To read all details of our weekend trip from Cape Town to Agulhas, go to our trip report. After our lunch in the village, we parked by the cliffs and harbour. This is just in front of the Arniston Spa Hotel. We set off and first checked out the cute colourful fishing boats. These were behind a metal grill fence, but you could peek through. It was a Sunday. However, probably in the week, especially early morning (fishermen fish early right?), the fishing boats will be out at sea.
Arniston Seaside Cottages
Then we wandered through the super cute old fishermen’s cottages of Kassiesbaai and onwards to the beach. We continued our way along the beach for 600 m, until at some point we went inland and followed a track for a little while. Shortly after we left the path and went more inland to some nice looking sand dunes.
History of Arniston
In 1815 the British ship ‘The Arniston’ crash-landed at Arniston, though it wasn’t called that yet. The fishing village of Kassiesbaai sprang up a few years later – the name comes from the kassies (Afrikaans for boxes) that washed ashore from the shipwreck, and were used to help build houses.

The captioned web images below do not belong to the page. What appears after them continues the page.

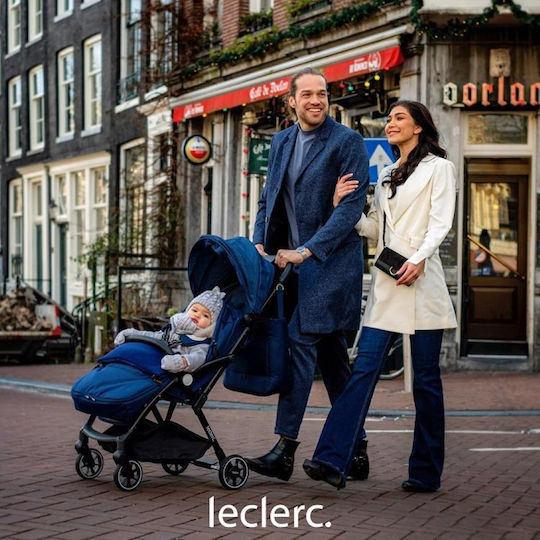 Leclerc Baby Polar Калъф за количка Зелен 85x42εκ.
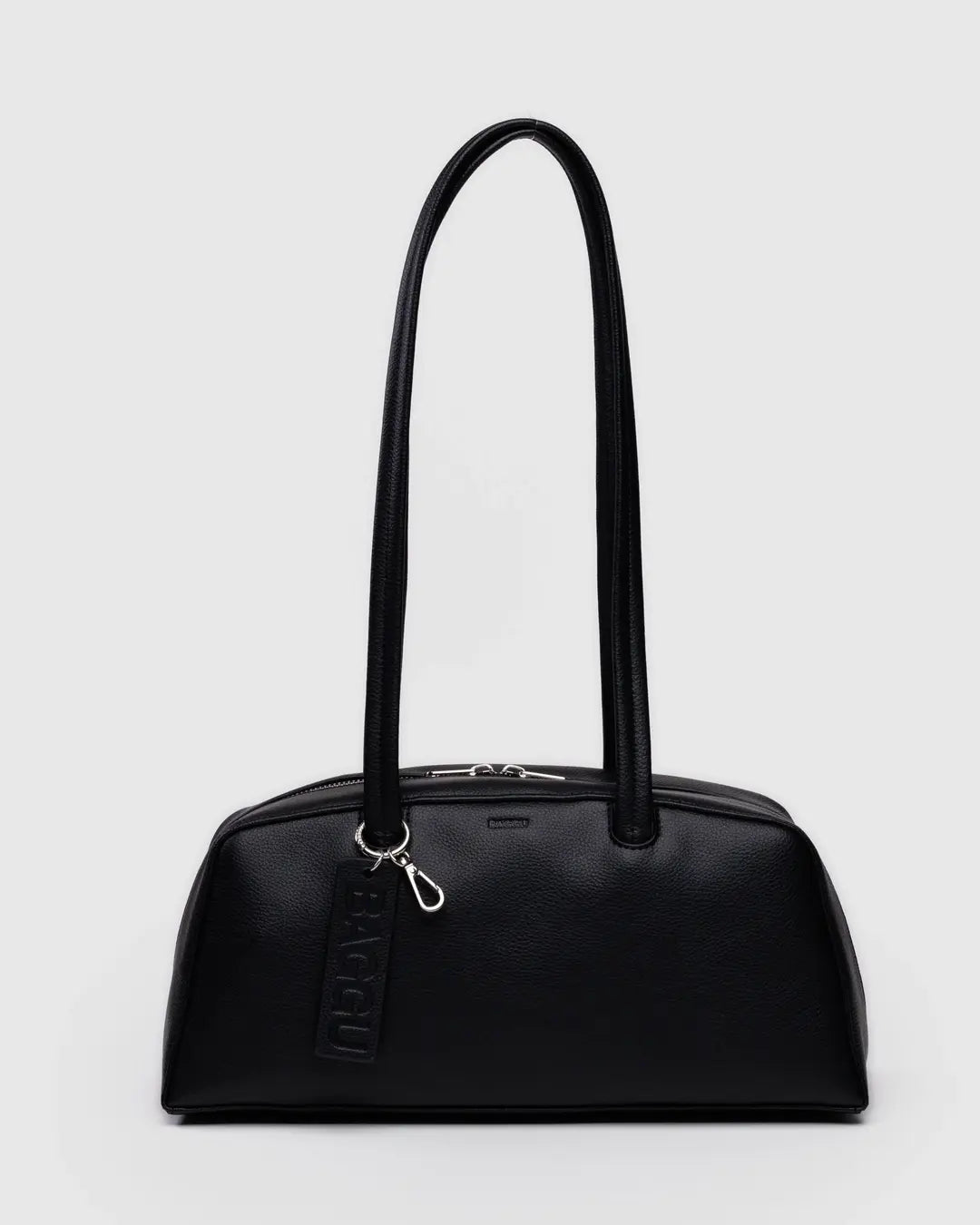 Leather Bowler Bag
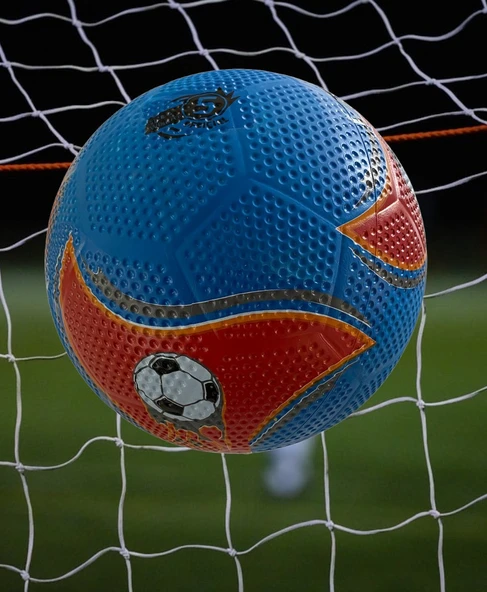 Maç Topu Sert Zemin Futbol Topu Profesyonel Halı Saha Çim Topu No:5 - 2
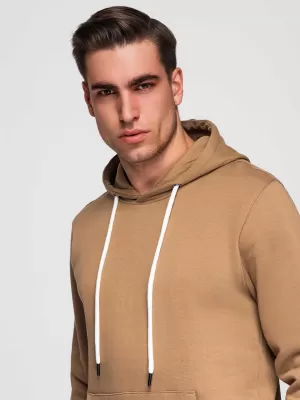 Herren-Sweatshirt OMBRE OM-SSBN-0270 BRAUN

The coloured fishermen from Kassiesbaai are known for their successful fights for their rights, when twice in the past they were threatened with the relocation of their village. because of these struggles, the village still stands today and is now a national heritage site.
On the way back from the sand dunes we followed one of the many tracks. Near the village we came across a fence, and some friendly locals helped by letting us through. Then, we walked back through the cottages to the car and drove to the start of our next short hike south of Arniston where we saw many birds.